◆ THE DATA
=====

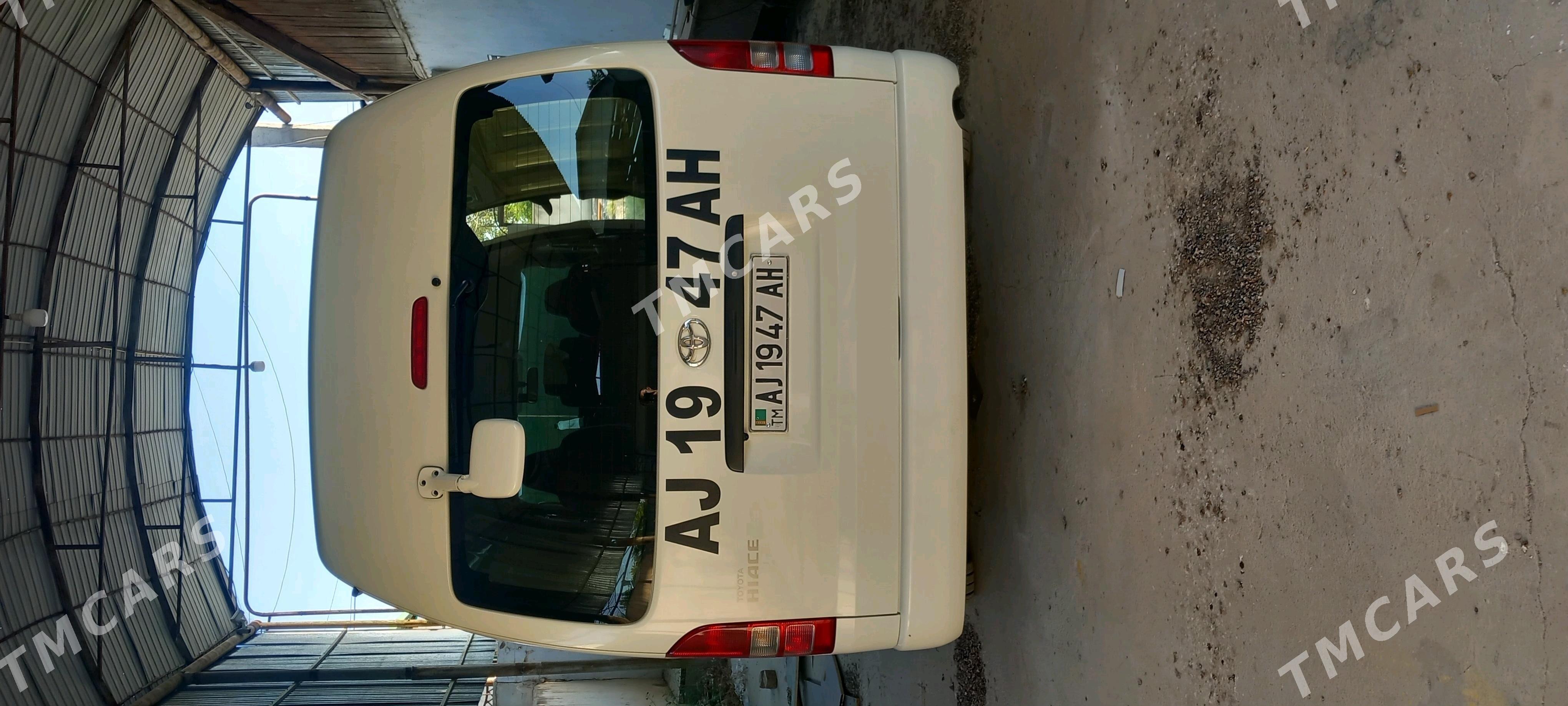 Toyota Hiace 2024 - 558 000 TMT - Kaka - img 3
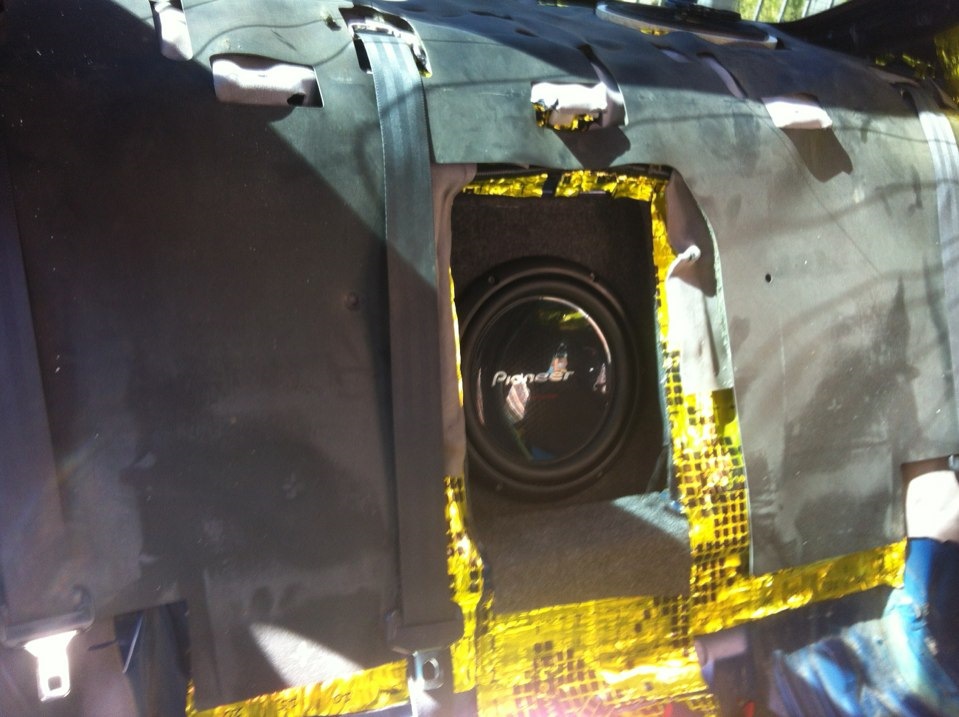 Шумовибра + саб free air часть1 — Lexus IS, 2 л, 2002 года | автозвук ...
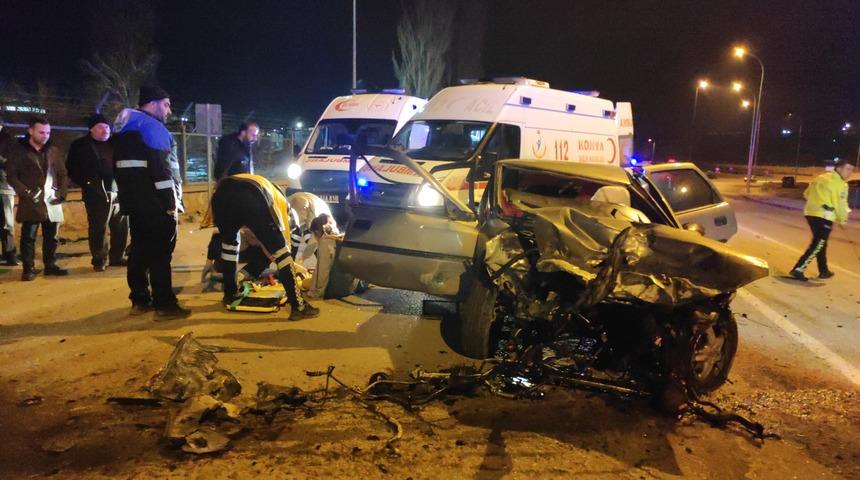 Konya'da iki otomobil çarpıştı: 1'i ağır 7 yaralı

=====

◆ ABOUT THIS EXERCISE
The complete material, set down exactly and stripped of pictures, is the expected response.

◆ WRITTEN REPLY
 Toyota Hiace 2024 - 558 000 TMT - Kaka - img 3
 Шумовибра + саб free air часть1 — Lexus IS, 2 л, 2002 года | автозвук ...
 Konya'da iki otomobil çarpıştı: 1'i ağır 7 yaralı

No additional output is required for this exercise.